Showing that sets are diffeomorphic

differential-geometrydifferential-topologyreal-analysis

I need to show that $A = \{(x,s,t) \in \mathbb{R}^3 \; | \; x^4 + s^2 + t^2 = 1 \}$ is diffeomorphic to $B= \{(x, y,s,t) \in \mathbb{R}^4 \; | \; y=-x^2 \text{ and } x^2 + y^2 + y + s^2 + t^2 = 1 \}$.

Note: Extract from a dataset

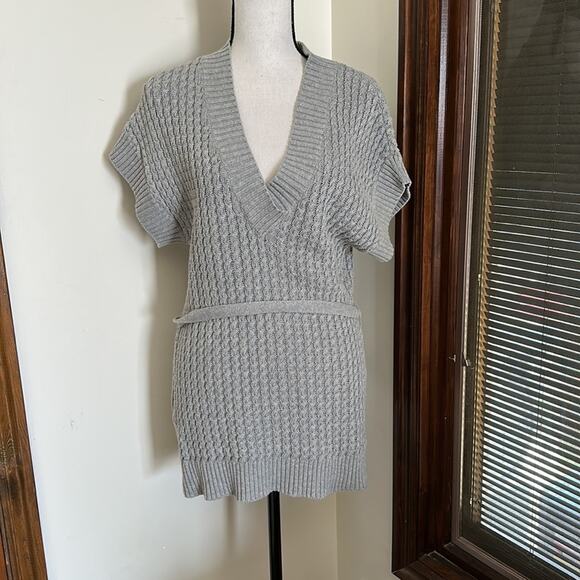 Calvin Klein | Short Sleeve Tunic Sweater with Belt Size S - Picture 1 of 9
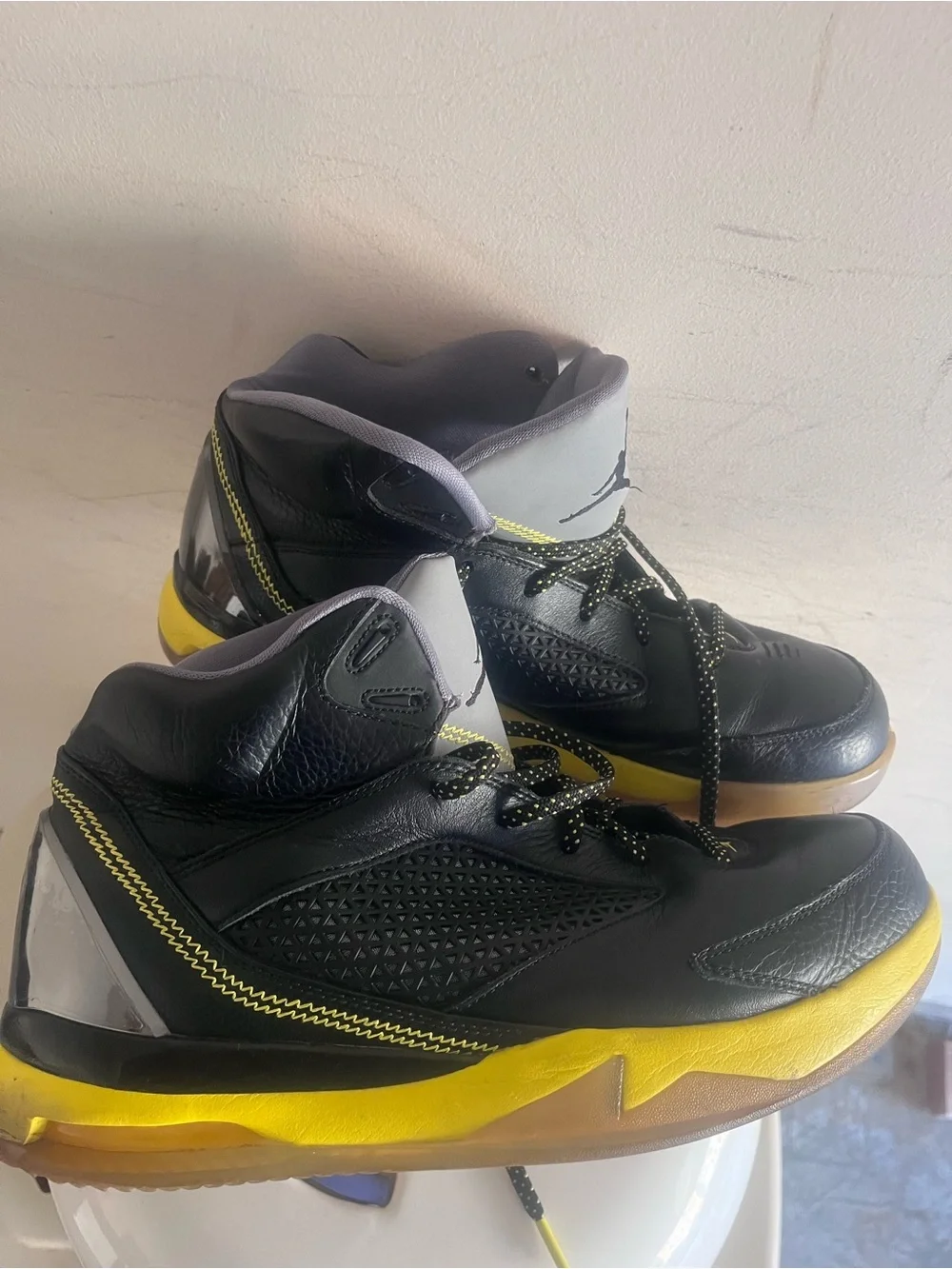 Jordan Men's Black and Yellow Athletic Basketball Shoes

A map $F: A \rightarrow \mathbb{R}^4$ defined as

$$
F(x,s,t) = (x, -x^2, s, t)
$$

is smooth, injective, and onto $B$.

How do I show that both sets are diffeomorphic? The map $F$ is an immersion, but it's not clear to me how to use this to show that $A$ and $B$ are diffeomorphic.

Best Answer

$A$ is compact, thus the map $f$ which is continuous and injective establishes a homeomorphism from $A$ to $B = f(A)$. You know that $A$ is submanifold of $\mathbb R^3$ and that $f$ is an injective immersion and a homeomorphism onto its image. This implies that $f$ is a diffeomorphism onto its image, i.e. an embedding of smooth manifolds.